Died: Frederick Buechner, Popular Christian ‘Writer’s Writer’ and ‘Minister’s Minister’

Buechner died peacefully in his sleep on Monday at age 96, according to his family.

Frederick Buechner was asked on numerous occasions how he would sum up everything he had preached and written in both his fiction and nonfiction.

The answer, he said, was simply this: “Listen to your life.”

That theme was constant across more than six decades in his career as a “writer’s writer” and “minister’s minister” — an ordained evangelist in the Presbyterian Church (USA) who inspired Christians across conservative and progressive divides with his books and sermons.

Buechner died peacefully in his sleep on Monday (Aug. 15) at age 96, according to his family.

Born Carl Frederick Buechner on July 11, 1926, in New York City, he moved frequently with his family in his early childhood as his father searched for work, settling in Bermuda after his father’s death by suicide when he was 10.

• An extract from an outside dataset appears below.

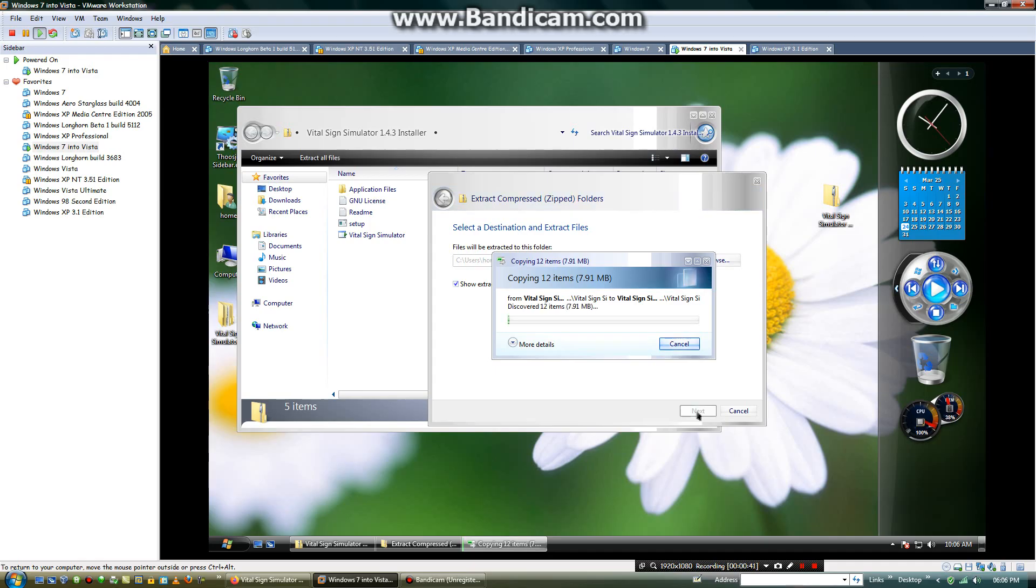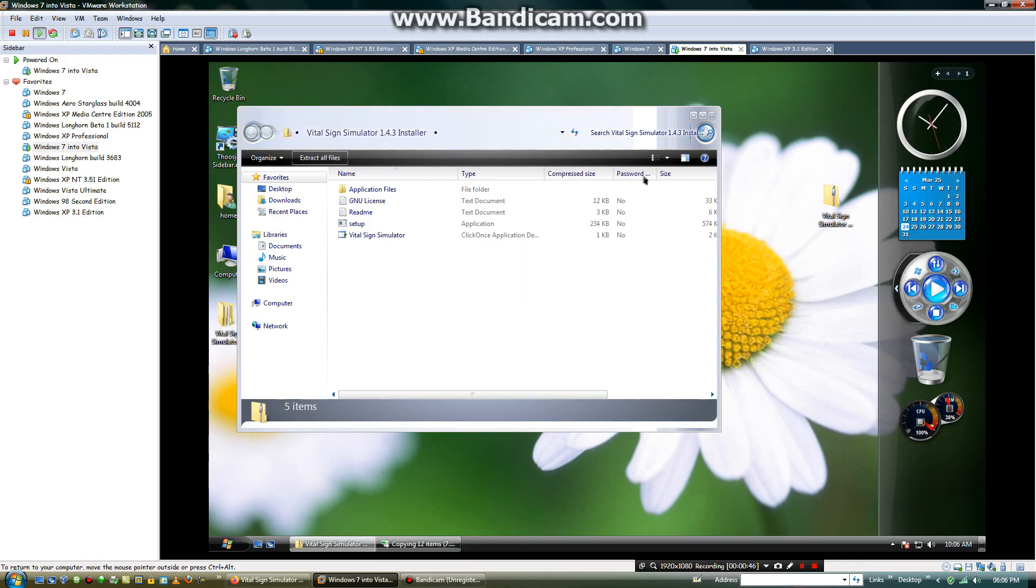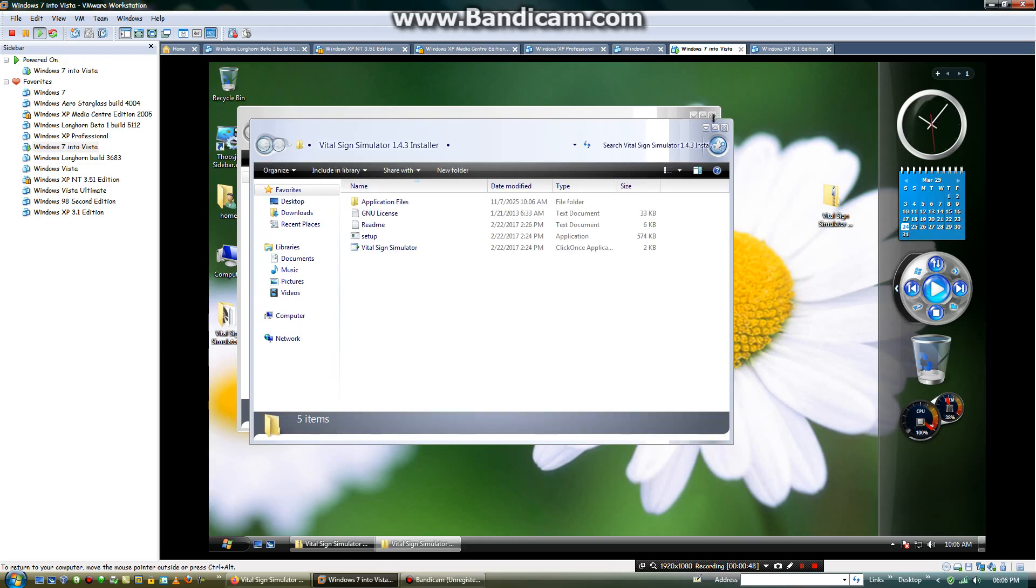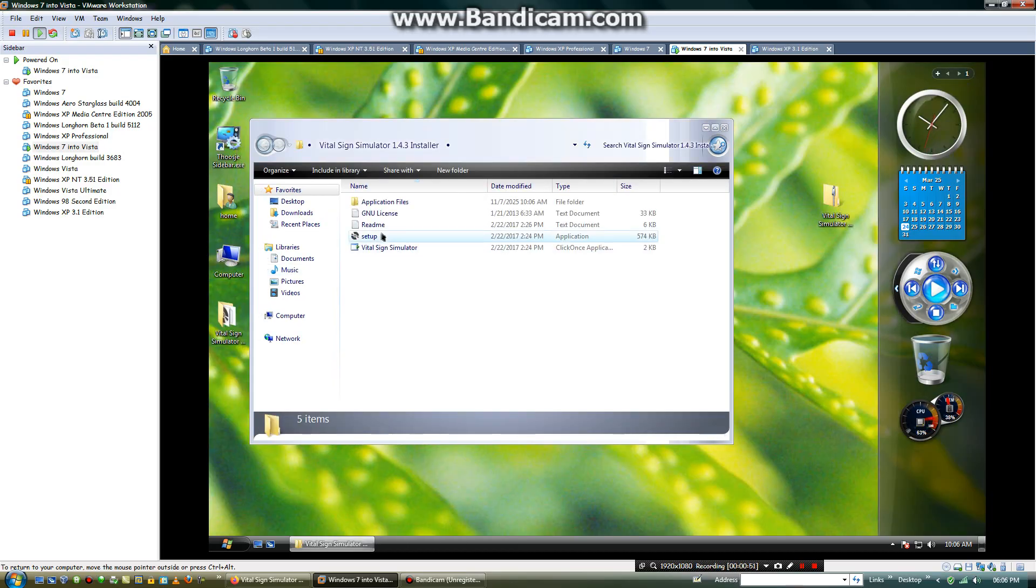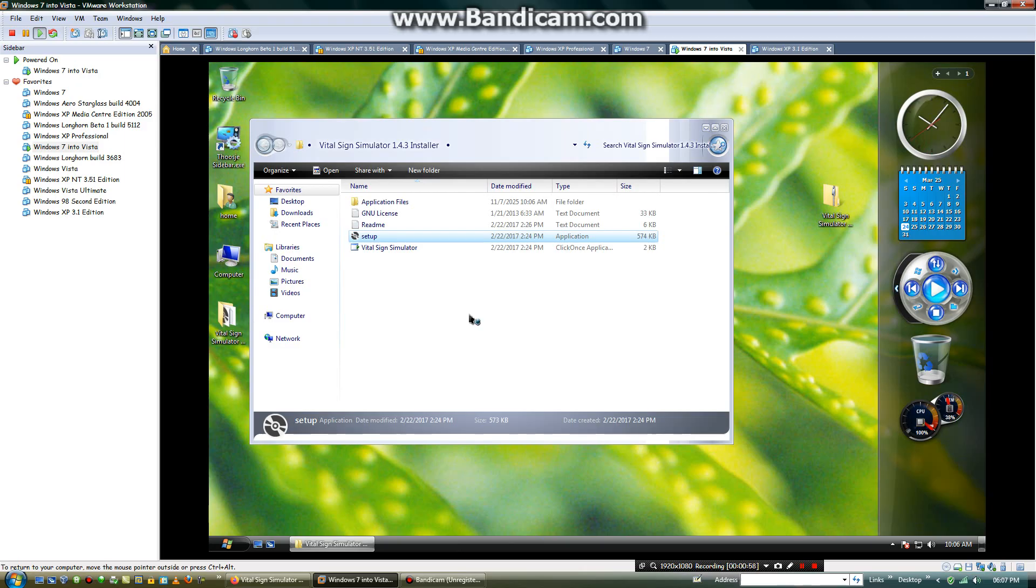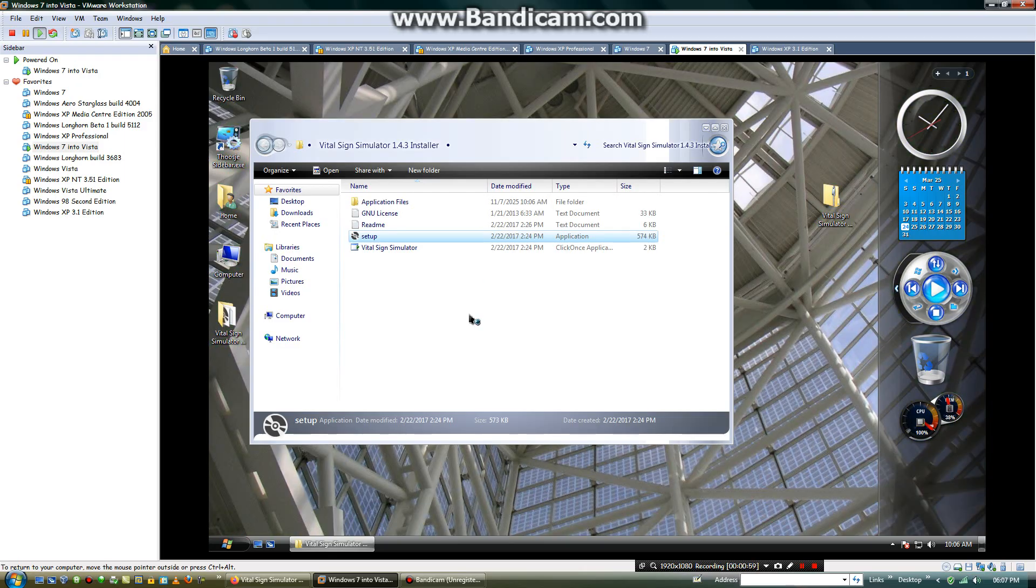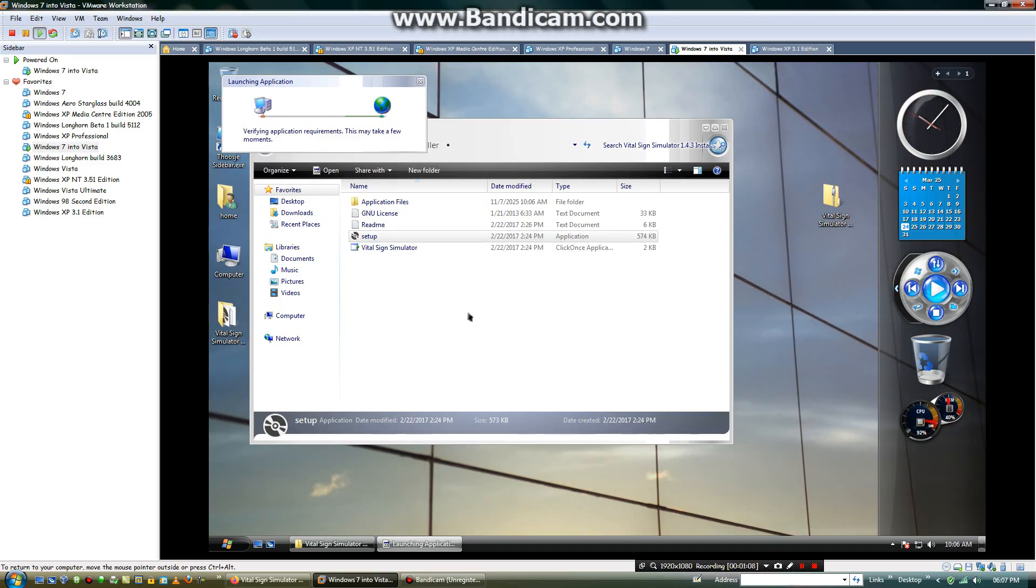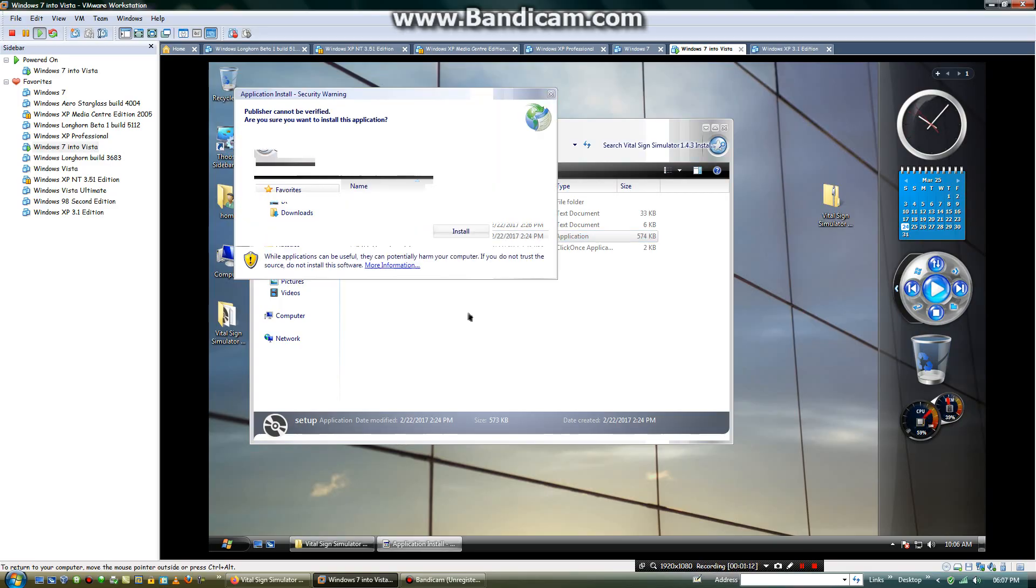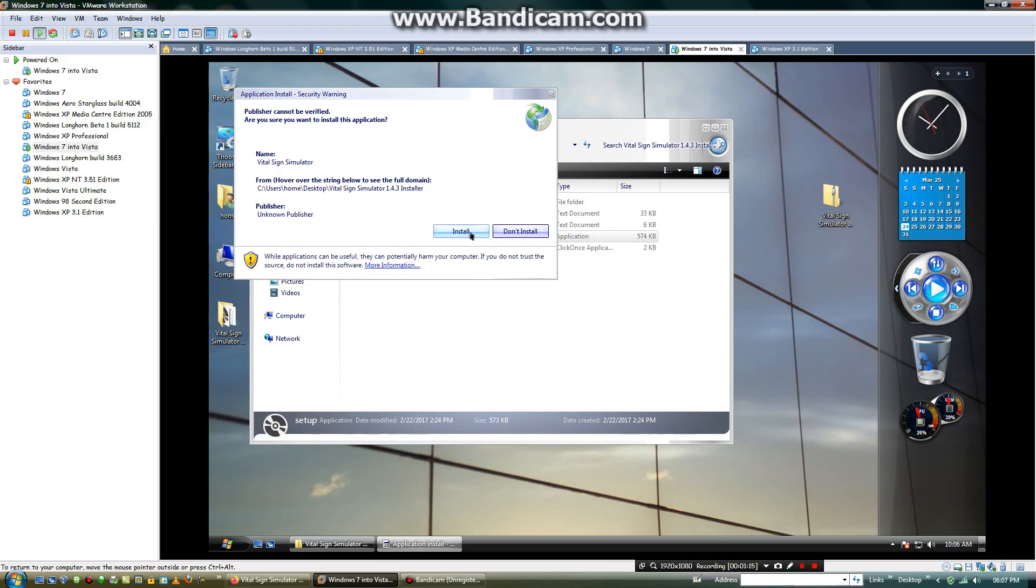You just got to bring 12 items. You will close the non-extracted file. Go to the setup. Then you will click on install.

His studies at Princeton University were interrupted by World War II, but he completed his bachelor’s degree in English in 1948. He quickly achieved fame with the 1950 publication of his first novel, “A Long Day’s Dying.”

When his second novel, in his own words, “fared as badly as the first one had fared well,” he moved to New York City to lecture at New York University and focus on his writing.

It was in New York City that he had an experience that changed the course of his life and work: He began attending Madison Avenue Presbyterian Church. Growing up, neither side of his family had a “church connection of any kind,” as he put it, but he went because he happened to live next door and “because I had nothing else to do on a Sunday,” he recounted in a video posted on YouTube by the Frederick Buechner Center.